Software Restore Solutions vs. Apple August 17 2011

By Electronista Staff


  1. climacs

    Mac Enthusiast

    Joined: Sep 2001


    the downside of having $76B in cash

    every two-bit con artist comes along with their hand out, hoping to shake you down for a measly $1M or so to go away and leave you alone.

  1. aduffbrew

    Fresh-Faced Recruit

    Joined: Sep 2009



    Over 10 years... Way to get right on that case of "knowing infringement!"

  1. Medazinol

    Fresh-Faced Recruit

    Joined: Oct 1999


    Uber patent troll

    SRS is just another one of several hundred front-companies for Patent Troll Extraordinaire, Nathan Myhrvold. Google Software Restore Solutions and you'll see his name pop up. He's also behind the Lodsys front-company amongst many many others. This guy is unbelievable, a modern-day technology mob boss.

  1. prl99

    Mac Enthusiast

    Joined: Mar 2009


    generic computer operation patent

    patent abstract: A workgroup organized network manager for controlling the operation of individual workstations within a computer network. The workgroup organized network manager organizes workstations into workgroups and controls the distribution of information to each of the workstations within a defined workgroup. The tasks each workstation performs are defined by a specification consisting of programs. A library of programs is maintained on a host workstation designated as a controlling workstation within the workgroup. The host workstation keeps track of activity occurring on the individual workstations within the workgroup. A file maintenance and inventory system compares the attributes of files, directories, and software located on the workstation to check for discrepancies between files, directories, or software intended to be identical and for locating missing or extra files, directories, and software.
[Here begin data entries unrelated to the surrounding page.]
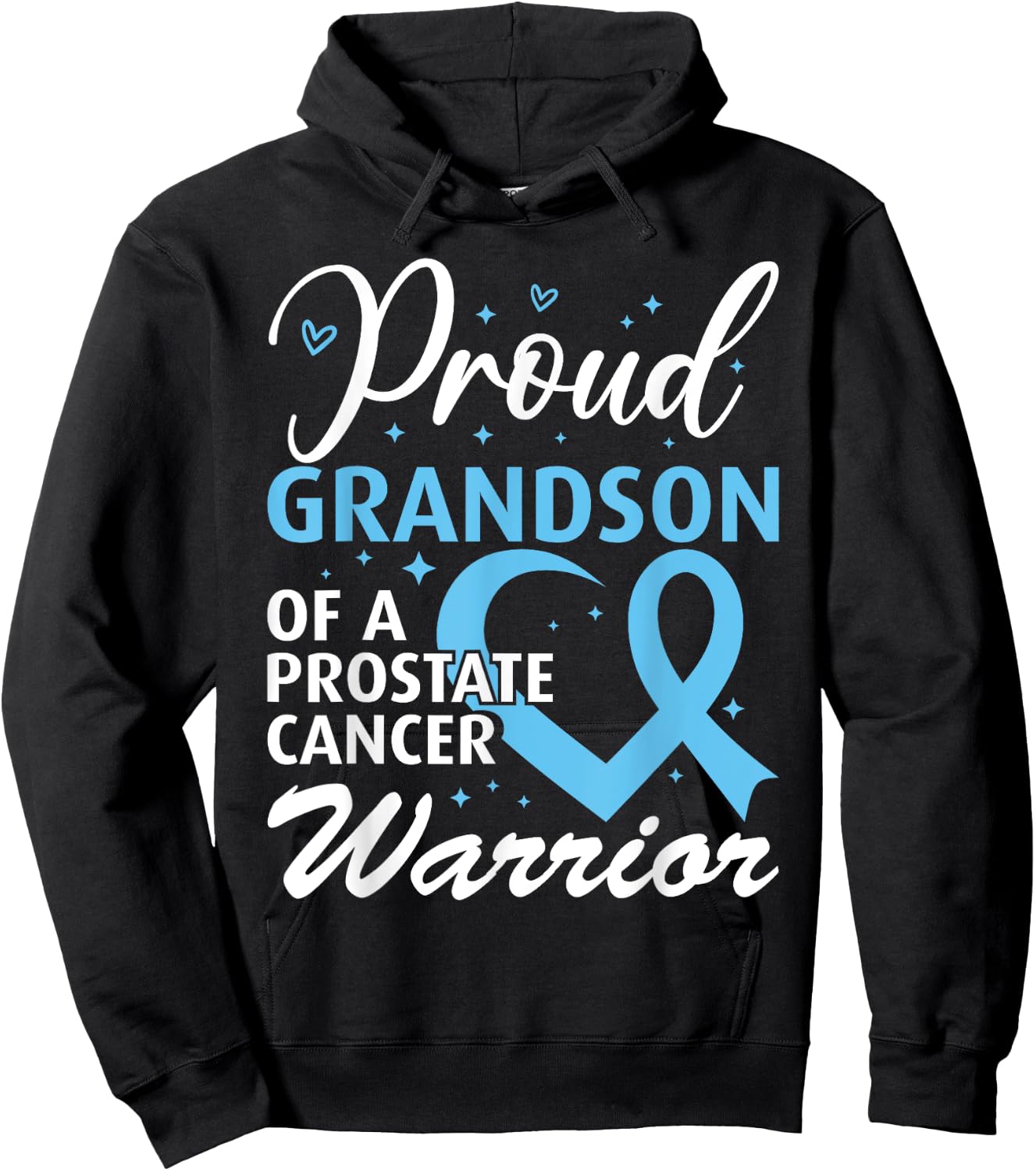 Proud Grandson of a Prostate Cancer Warrior Hoodie - Hoodie | Black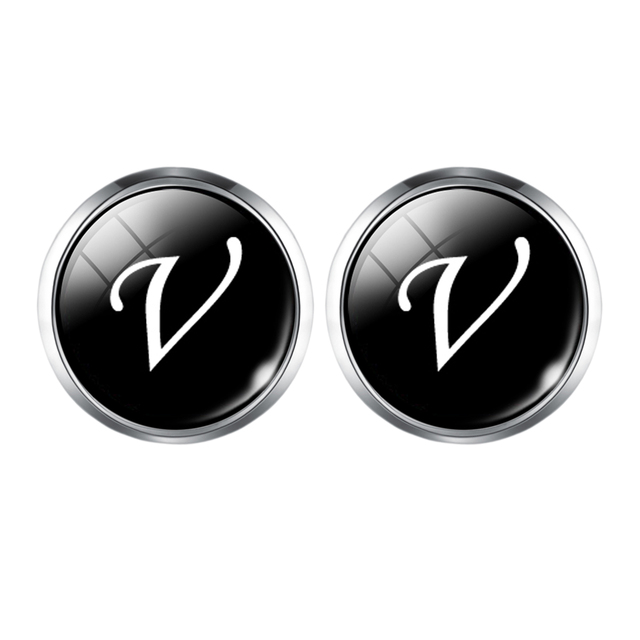 Fashion A-Z Single Alphabet Cufflinks Silver Color Letter Cuff Button for Male Gentleman Shirt Wedding Cuff Links Gifts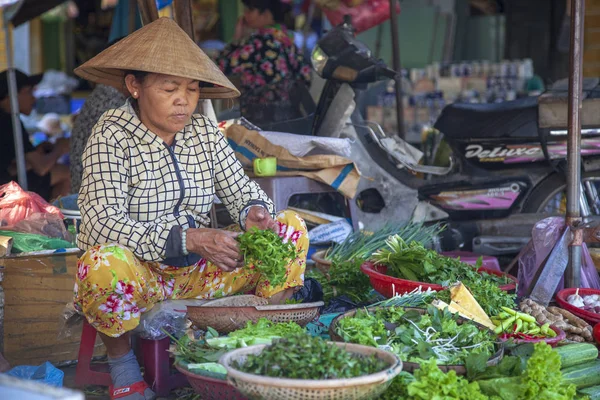 Hoi Vietnam Haziran 2019 Hoi Old Market Geleneksel Vietnam Saman — Stok fotoğraf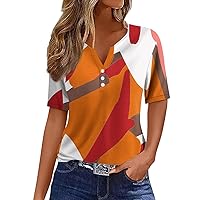 Beach Tunic Fall Shirt Womans Basic Long Sleeve V Neck Fitted Blouses Women's with Buttons Print Cotton Soft Orange L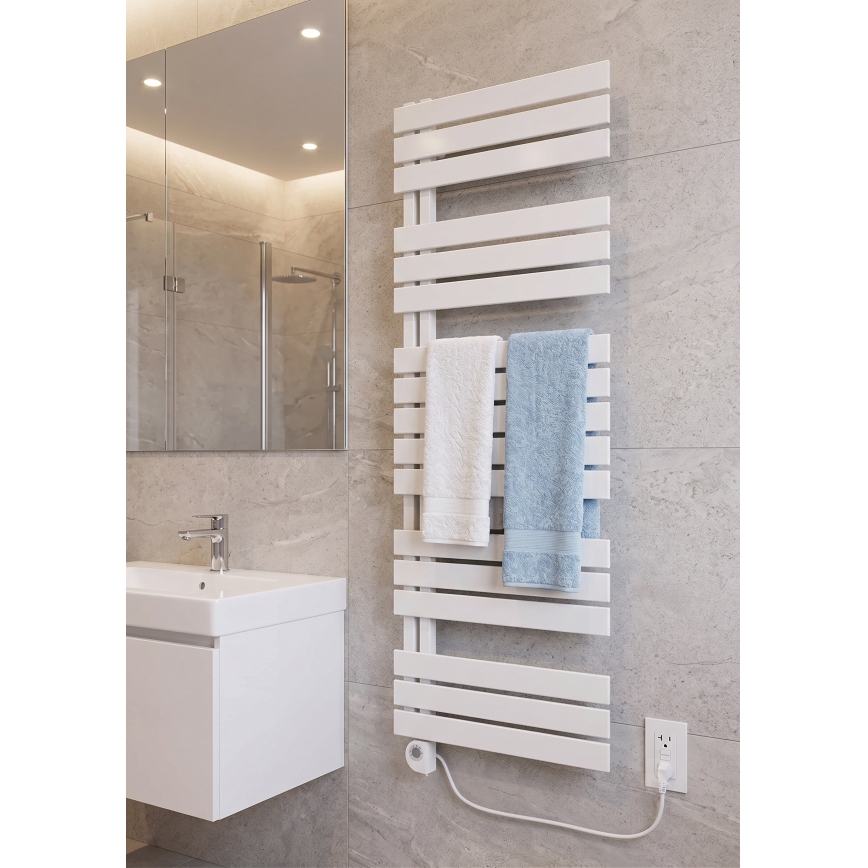 Vertaduro - Sèche-serviettes ZIVA avec thermostat, 800 W, 177x50 cm, blanc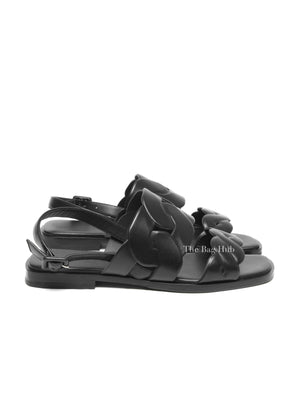 Hermes Black Leather Nappa Grace Women's Sandals Size 38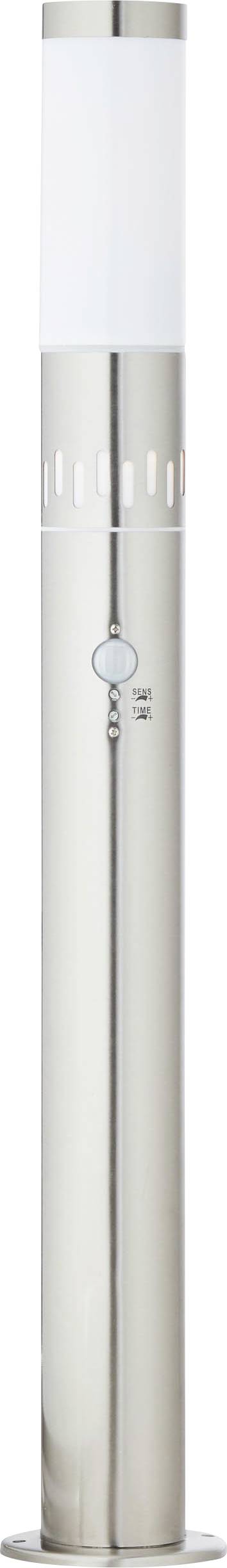 Stříbrná válcovitá lampa s bílou horní částí. Má moderní design a je určena pro venkovní použití.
    Does this sound like anything Disk Utility is doing? Not to me.

    comparing the file attribute data and check values gathered from said client workstation and said host workstation--Disk Utility only works on the local workstation, it doesn't compare one workstation to another.

    patent is full of detailed use of unix commands, which looks interesting since I doubt this company has a patent on the actual commands. this entire patent is a detailed list of how the comparison is performed. all this patent does is show how to use standard unix commands to perform some functions, which probably is already documented by the original unix operating system provider.

  1. drumrobot

    Fresh-Faced Recruit

    Joined: Oct 2009


    "every version of Mac OS X from the 2001 original

    They shouldn't be able to sue for more than one version (if that)... companies that deliberately wait are obviously patent trolls.

  1. Feathers

    Grizzled Veteran

    Joined: Oct 1999


    What we need...

    What we need is a "fail to file" doctrine. That is, a notional patent holder must file suit as soon as it or a disinterested third party becomes aware of an infringement. If the patent holder subsequently fails to file and/or waits for months or years, the suit is simply nullified under the doctrine.

  1. ershler

    Fresh-Faced Recruit

    Joined: Dec 2001


    I think it already exists....

    I'm no expert, but I think that if a patent holder is aware of a infringement and does nothing about it for an certain amount time, the patent becomes void.

  1. wrenchy

    Forum Regular

    Joined: Nov 2009


    Patent Trolls

    Should be put out of business and jailed.